— HOW TO COMPLETE THIS TASK —
The data below holds the lines to copy: everything from the line containing "Apartamento ID.12 - Apartamento" to the line containing "Mini Elisa Toggle", both ends included, set down exactly.

Top of INFORMATION

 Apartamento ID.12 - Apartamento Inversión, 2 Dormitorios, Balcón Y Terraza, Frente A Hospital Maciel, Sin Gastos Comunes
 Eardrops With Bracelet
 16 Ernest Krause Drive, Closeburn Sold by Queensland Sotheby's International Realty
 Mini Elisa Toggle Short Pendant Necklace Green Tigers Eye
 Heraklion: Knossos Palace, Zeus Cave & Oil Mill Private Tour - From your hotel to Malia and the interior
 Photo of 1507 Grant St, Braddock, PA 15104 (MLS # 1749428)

Bottom of INFORMATION
Top of INFORMATION

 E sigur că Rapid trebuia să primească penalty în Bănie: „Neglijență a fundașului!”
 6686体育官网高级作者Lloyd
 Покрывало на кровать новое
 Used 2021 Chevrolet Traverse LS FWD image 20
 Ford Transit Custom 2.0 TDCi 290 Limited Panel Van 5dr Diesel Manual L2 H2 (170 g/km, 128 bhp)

Bottom of INFORMATION

— RESPONSE BELOW —
 Apartamento ID.12 - Apartamento Inversión, 2 Dormitorios, Balcón Y Terraza, Frente A Hospital Maciel, Sin Gastos Comunes
 Eardrops With Bracelet
 16 Ernest Krause Drive, Closeburn Sold by Queensland Sotheby's International Realty
 Mini Elisa Toggle Short Pendant Necklace Green Tigers Eye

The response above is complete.